I talked with my mom about it, first. She sounded a bit taken aback, but she was not only willing to participate but also to prepare unleavened bread for the celebration. ((I hadn't thought much about the bread for this observance (or any other) of the Lord's Supper at that point and was fully prepared to just cut up a few slices of Sunbeam, but Mom felt strongly that the bread should be unleavened.)) And the rest of my family was also willing to participate.
On New Year's Eve 2008, Mom, Dad, my brother's family of four, Jim, Cade, and I gathered around my brother's dining room table. I was fairly large with Clementine. Cade and my nephew CJ had accepted Christ as their Savior in 2007, so everyone at the table had professed salvation with the exception of my younger nephew, Boone, who was 3 at the time. I could tell that my brother was a little bit nervous/uncomfortable, but he sat at the head of the table, opened his Bible, and led the family beautifully through the Lord's Supper. I have never in my life experienced anything more powerful, sacred, or solemn, and--when it was over--there wasn't a dry eye in the room (at least among the adults). I remember my dad asking: "Why haven't we done this before? Let this not be the last time." What an amazing blessing to be able to share--with the people I love most in all the world--our absolute security in Christ!

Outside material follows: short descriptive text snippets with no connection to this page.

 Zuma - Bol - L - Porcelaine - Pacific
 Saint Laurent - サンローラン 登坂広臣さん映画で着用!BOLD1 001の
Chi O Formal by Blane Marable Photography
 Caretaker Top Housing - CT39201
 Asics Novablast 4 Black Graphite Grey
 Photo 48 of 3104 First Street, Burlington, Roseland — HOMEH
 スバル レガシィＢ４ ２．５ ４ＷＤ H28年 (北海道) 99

Nothing has been quite the same for me, regarding communion, since then.
Jim, the children, and I have been attending Fine Creek Baptist Church, here in Powhatan, since Clementine was six weeks old (so a little less than 1.5 years). For several months, everytime we celebrated the Lord's Supper, I felt like God was speaking to me, telling me that I should be preparing the bread, but it took me awhile to get up the nerve to say anything about it. Tradition, sometimes, is dear to people's hearts, and I didn't want to offend anyone or overstep my bounds. But, finally, after a prayer meeting, I blurted out: "Where does the bread come from? I am supposed to be preparing the bread, but I don't want to hurt anyone's feelings or step on anyone's toes. I've been praying about what I am supposed to be doing in the place, and the only thing I know for sure is that I'm supposed to be preparing the bread." And my beautiful, good-hearted friends (God bless them!) just said: "Oh! That would be great! We celebrate the Lord's Supper on the first Sunday of every month. This can definitely be your job."
So it is 11:30 pm on July 31st, and I have scrubbed my hands, my rolling pin, my countertop. My hands are holding, kneading unleavened bread of my own making. My hands are creating something that will be consumed as if it were the Lord's body. I am touching my Lord's body. I am thinking about the people who will be eating this bread. I am praying for them, and I am filled with the Holy Spirit and that delicious, divine peace that comes in knowing that this, THIS is MY JOB.
And I AM NOT AFRAID.
PRAISE THE LORD...
***
I published the above on facebook August 1, 2010 and share it, here, as part of my effort to get the words I want to share with my children in one place, also in order to link with my friend Anne for Heritage of Faith Friday. This past New Year's Eve was the third for my family to share communion. As of this coming Sunday, I will have been preparing the bread for my church for a year. It remains my favorite "job."